I use a tool that can export financial reports to Excel, and the dates in the resulting Excel data have this problem. But is the problem being caused by the tool not exporting sensibly; or is there perhaps something quirky about Excel that makes this seemingly simple data representation job very difficult?
I am inclined to go for the former and blame the exporting tool. I’d have thought that what it should export is the date’s Excel serial number. (Of course Excel may still need to be told to display that as a date, but at least the data would be accurate.) But instead what the tool exports is the string corresponding to the date formatted according to whatever formatting options I am using (in the exporting tool). So, for example, I display dates in the big endian ISO 8601 format, in which today would be 2019-09-27. And so I’d have thought the tool should export that to Excel as the number 43735.0. But it doesn’t. Instead what I find in the relevant Excel cell is, literally, the ten-character string, “2019-09-27”.
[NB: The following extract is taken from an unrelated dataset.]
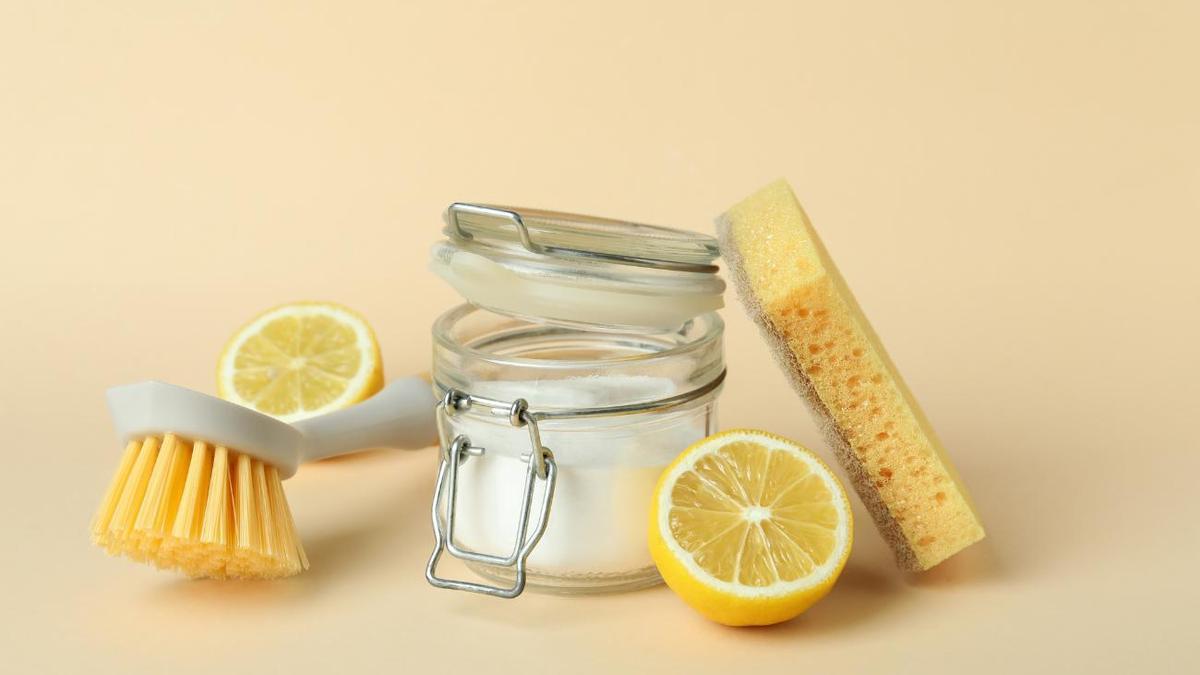 Productos de limpieza caseros naturales ácido cítrico bicarbonato de sodio  spray de limón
Thing is, Excel does know how to handle that on its own — if you give it a kick. So if I select the string-filled cell, position my cursor in the Formula Bar at the rightmost end of the content, and just hit Return, then the text immediately gets reinterpreted as a date, the string gets replaced by the appropriate serial number, and it even gets formatted as Date (albeit not in yyyy-mm-dd — instead it gets formatted in the default according to my region settings).
So, which is the culprit: exporting tool, or Excel?
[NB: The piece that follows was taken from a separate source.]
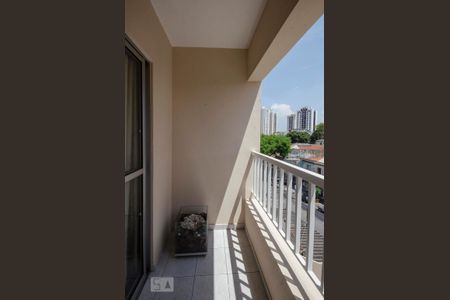 Sacada de apartamento à venda com 2 quartos, 59m² em Santa Teresinha, São Paulo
(If it’s Excel…well whatchagonnado. But if it’s the tool, then someone’s getting a cuff around the ear. Please give me permission to dispense said cuffing.)
ANSWER :
So, which is the culprit: exporting tool, or Excel?
In one word, both.
- Any export utility that creates an Excel formatted file (xls, xlsx, etc) should use Excel formats but far too many don’t and we all have to live with the consequences. Cuffing dispensary is authorized.
But it really takes two to Tango…
- Excel has a horrible reputation for making it difficult to work CSV files. Most people open a CSV in Excel by double clicking the file. That is understandable because that is how we’ve been conditioned to do that through repetition; and it’s also wrong. Excel makes makes assumptions about files opened this way and it usually does poorly. The correct way is to open Excel and then import the CSV from the data tab. This gives you the opportunity to explicitly declare the data type and format. It is more cumbersome than double clicking but it solves many of the problems people complain about. Excel is not blameless, but in most cases, it is the user that needs the cuffing.
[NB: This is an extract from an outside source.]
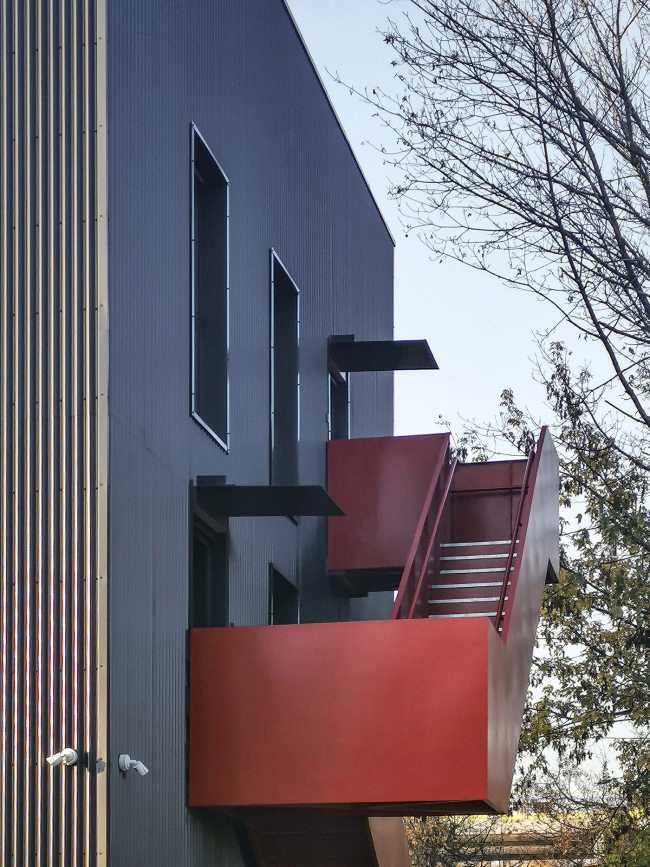 Renovation of a Central Office. The metal facades take inspiration from the industrial vocation of the place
There’s an amusing cycle of annoyance that frequently occurs when lesser informed people are tasked with editing a CSV. They open the file by double clicking, make thier edits, grumble about fixing dates and currencies, save the file as a CSV, and then go ballistic after they open the file to review it and see they’ve lost all the format changes.
They will often repeat the same process two, three, who knows how many times!
They expect the CSV file to retain Excel’s formatting and that will never happen. Even a CSV that was edited in Excel must be imported back into Excel. Sometimes it’s hard to convince them because they know they changed the date format. Those are the times I particularly enjoy, when I am there to open the perfectly formatted CSV in Notepad and see the look on thier face as they start counting the hours they’ve wasted on a non-existent problem. The smarter among them them cuff themselves, the others are not worth cuffing.